Bediüzzaman Molla Said`in ifadesi ile “milliyetlerini dinlerine feda etmiş bu kimsesiz ama değerli kavim” Müslüman olmasının gereğini yerine getirmiştir.

Hatta bununla kalmamış İngilizlerin “Türklerden ayrılın, bizimle hareket edin size devlet verelim!” rüşvetini dahi ellerinin tersiyle iterek üçüncü bir referansın oluşmasına vesile olmuşlardır.

Bunun karşılığı olarak da 1920 sözleşmesinde ülkeyi kuran iki kurucu unsurdan biri haline gelmişlerdir.

1923`le başlayan yeni süreç ise tam anlamıyla Kürtler aleyhine bir zulüm sürecine dönüşmüş, uzatılan İngiliz elini sıkmamanın bedeli, bu eli sıkan Laik-Kemalistler eliyle Kürtlere ağır bir şekilde ödetilmiştir.

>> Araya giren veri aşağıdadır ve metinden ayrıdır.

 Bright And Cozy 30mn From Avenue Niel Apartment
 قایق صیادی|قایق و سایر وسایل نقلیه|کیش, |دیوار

DEAŞ`ın Musul baskını, Suruç ve Ankara saldırıları işte bu üç referansı ortadan kaldırmayı ve böylelikle Kürt kartını Türkiye`den almayı amaç edinen yerel görünümlü küresel operasyonlardır.

Böyle bir vasatta Türkler ve Kürtler, tarihi gerçekliklere uygun yeni bir referans oluşturmak zorundadırlar.

Yine İslâm Hukuku ortak paydasında, eşit ve adil bir çözümle ya beraberce büyüyecekler veya küçük lokmalar haline gelip kendilerine çoktan beridir “diş bileyen” emperyalistlere yem olacaklar.